Data for review >>
--------------------------------------------------

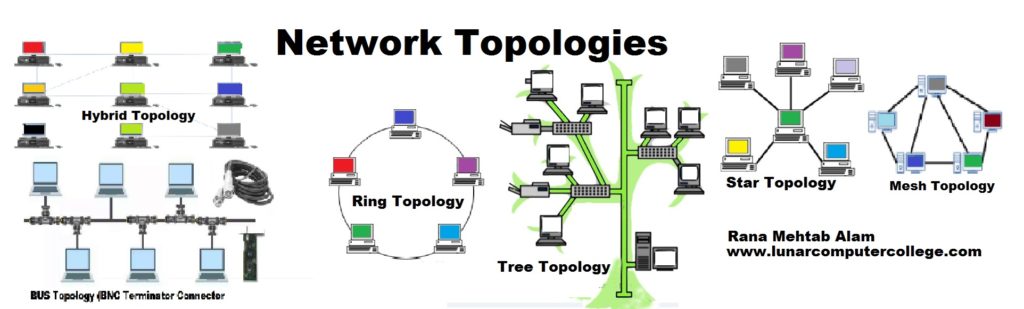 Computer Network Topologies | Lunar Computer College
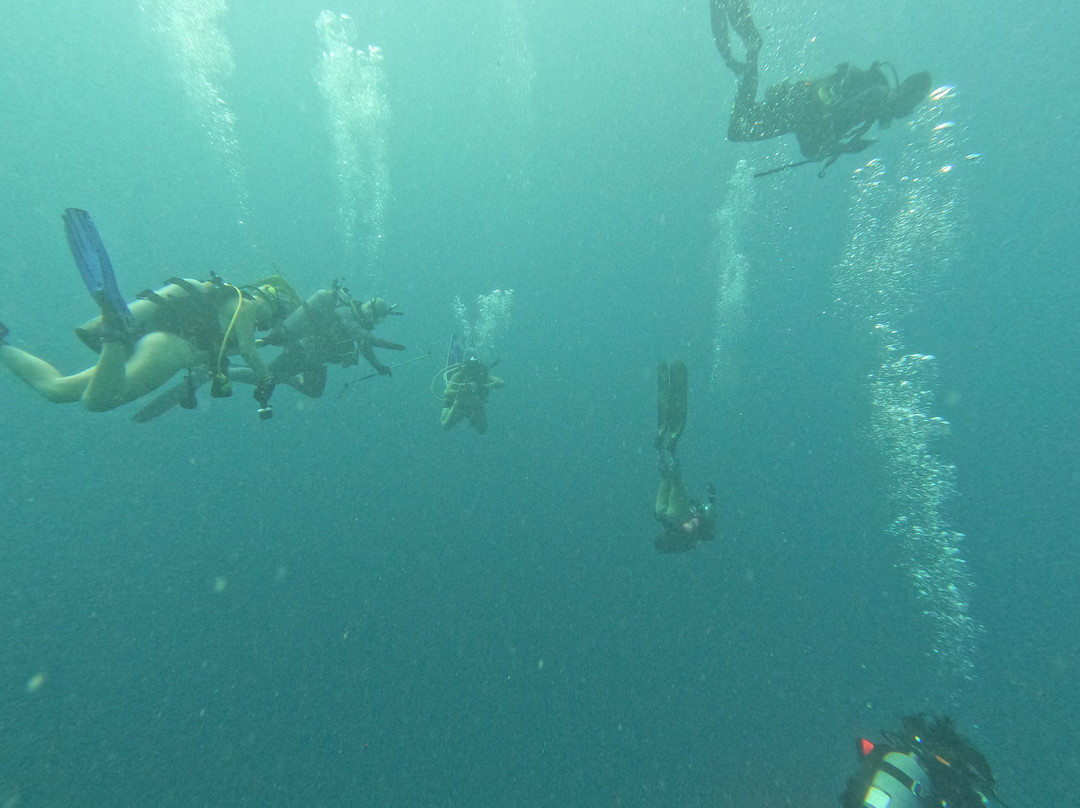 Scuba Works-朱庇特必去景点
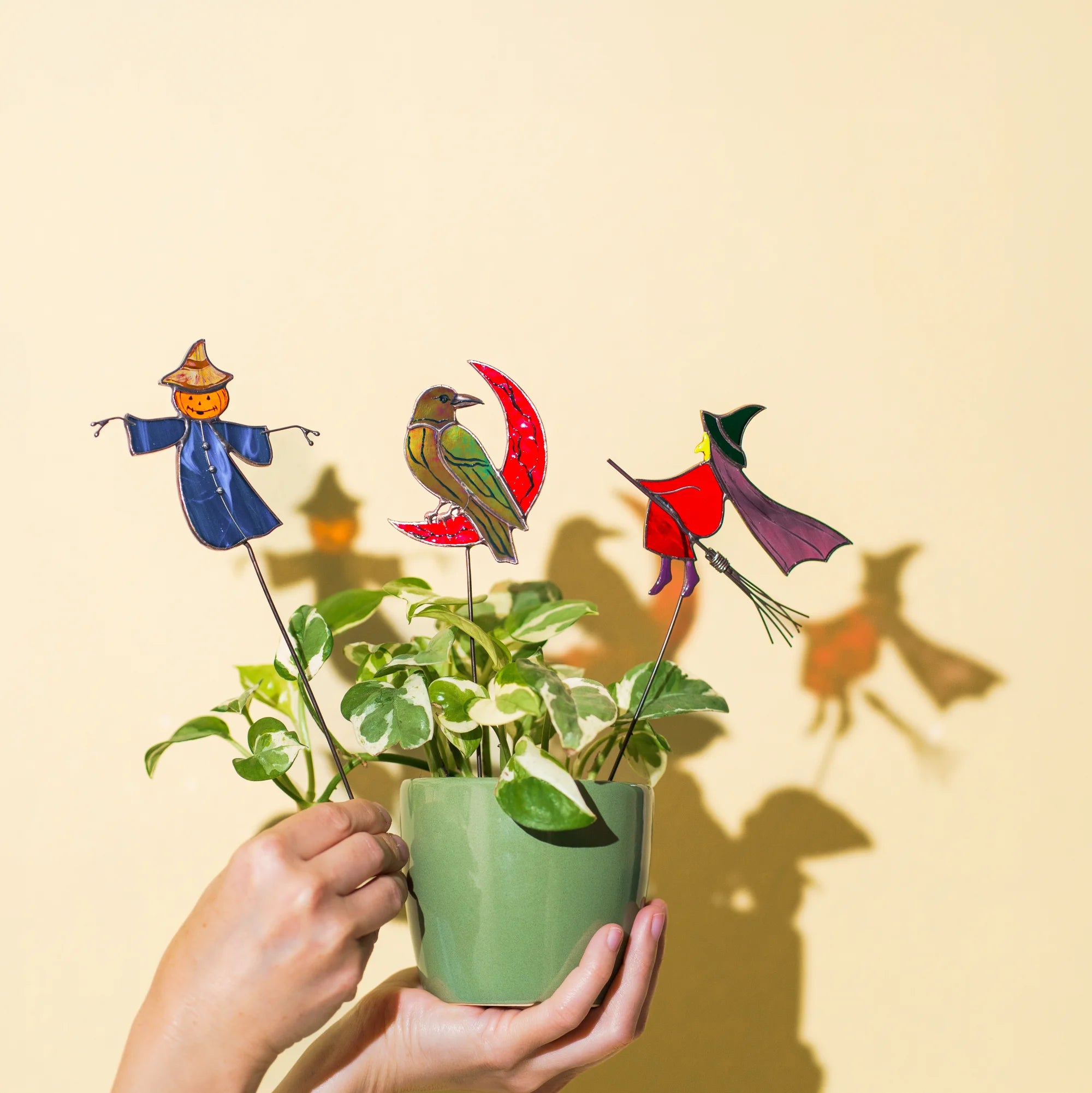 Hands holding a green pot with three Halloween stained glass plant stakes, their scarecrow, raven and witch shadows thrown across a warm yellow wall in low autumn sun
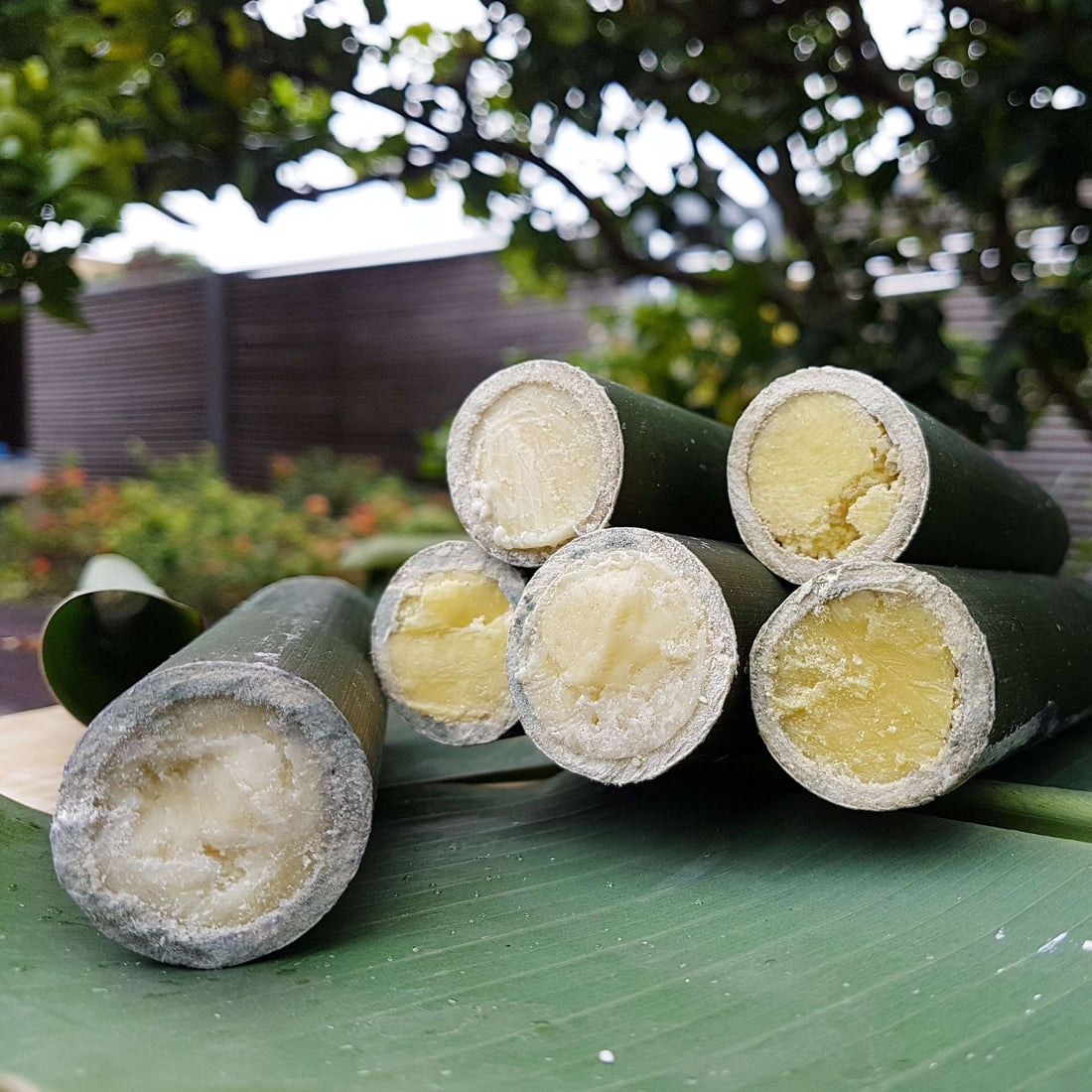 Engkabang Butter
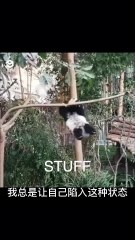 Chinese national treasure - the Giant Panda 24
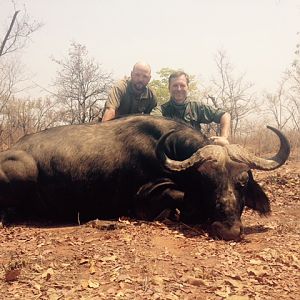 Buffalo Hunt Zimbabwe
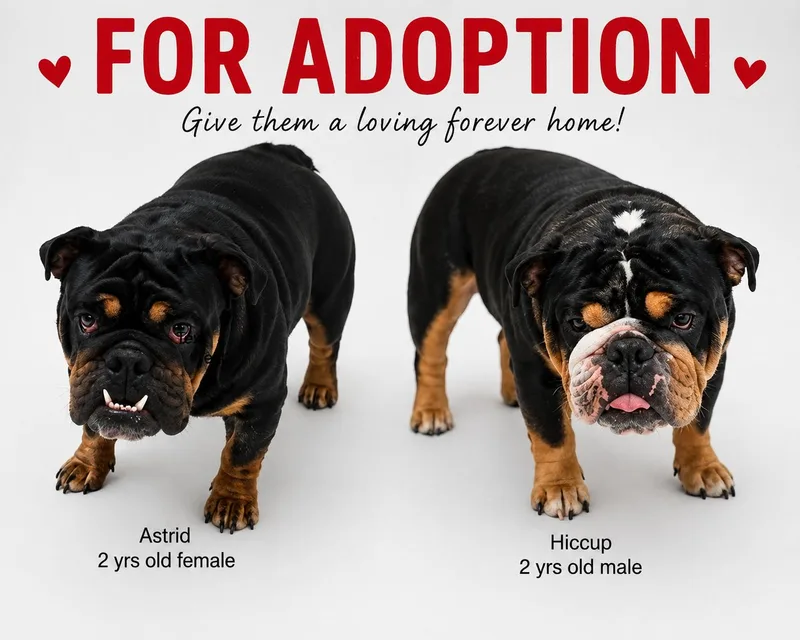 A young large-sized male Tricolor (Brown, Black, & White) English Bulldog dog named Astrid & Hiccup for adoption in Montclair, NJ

--------------------------------------------------

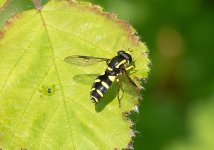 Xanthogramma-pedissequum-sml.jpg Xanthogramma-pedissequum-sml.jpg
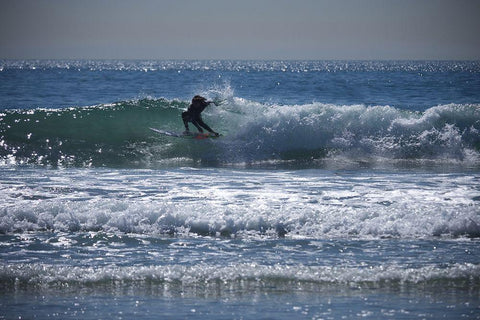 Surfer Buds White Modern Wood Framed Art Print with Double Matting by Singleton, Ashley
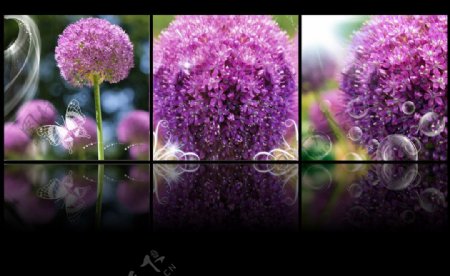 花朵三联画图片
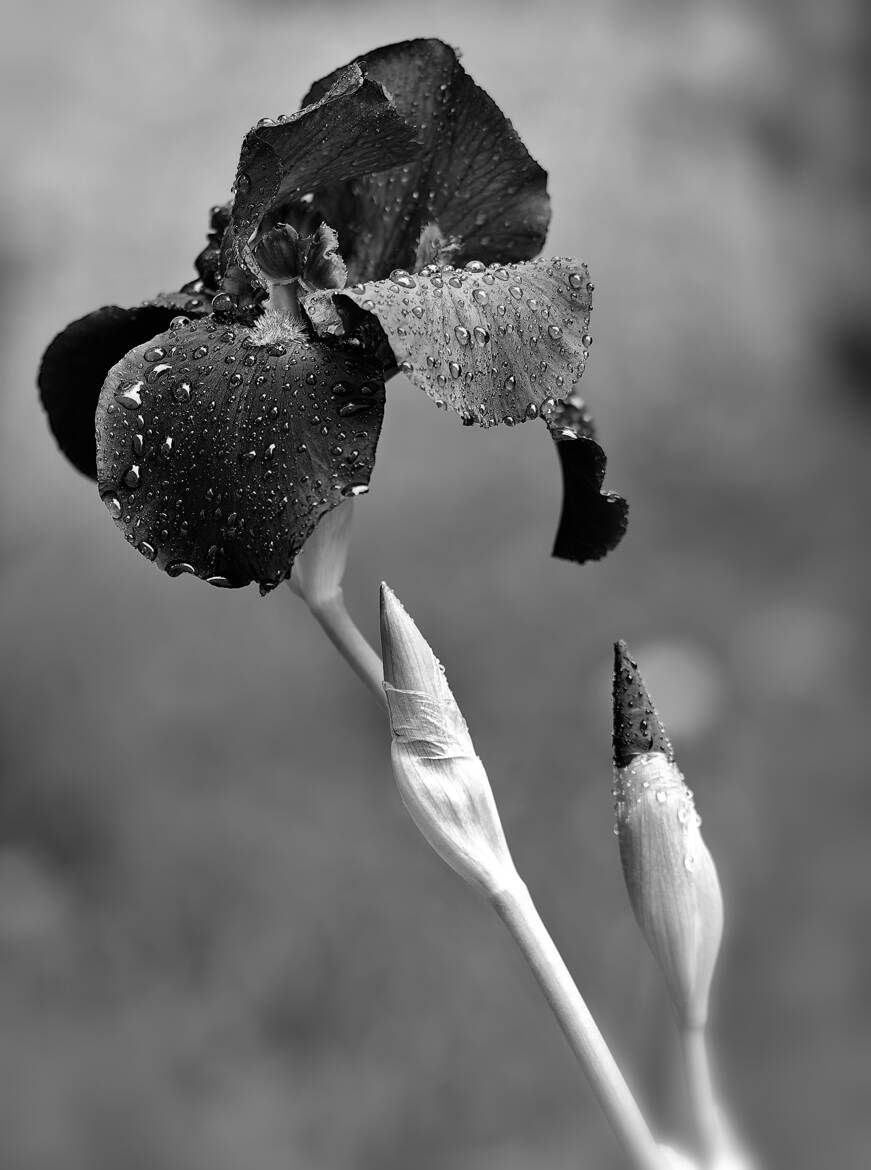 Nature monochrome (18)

--------------------------------------------------

Among the entries above, locate the line with "Computer Network Topologies" and the line with "A young large-sized". Give those two lines and all lines between them again, exactly, leaving out the pictures.

Expected answer >>
 Computer Network Topologies | Lunar Computer College
 Scuba Works-朱庇特必去景点
 Hands holding a green pot with three Halloween stained glass plant stakes, their scarecrow, raven and witch shadows thrown across a warm yellow wall in low autumn sun
 Engkabang Butter
 Chinese national treasure - the Giant Panda 24
 Buffalo Hunt Zimbabwe
 A young large-sized male Tricolor (Brown, Black, & White) English Bulldog dog named Astrid & Hiccup for adoption in Montclair, NJ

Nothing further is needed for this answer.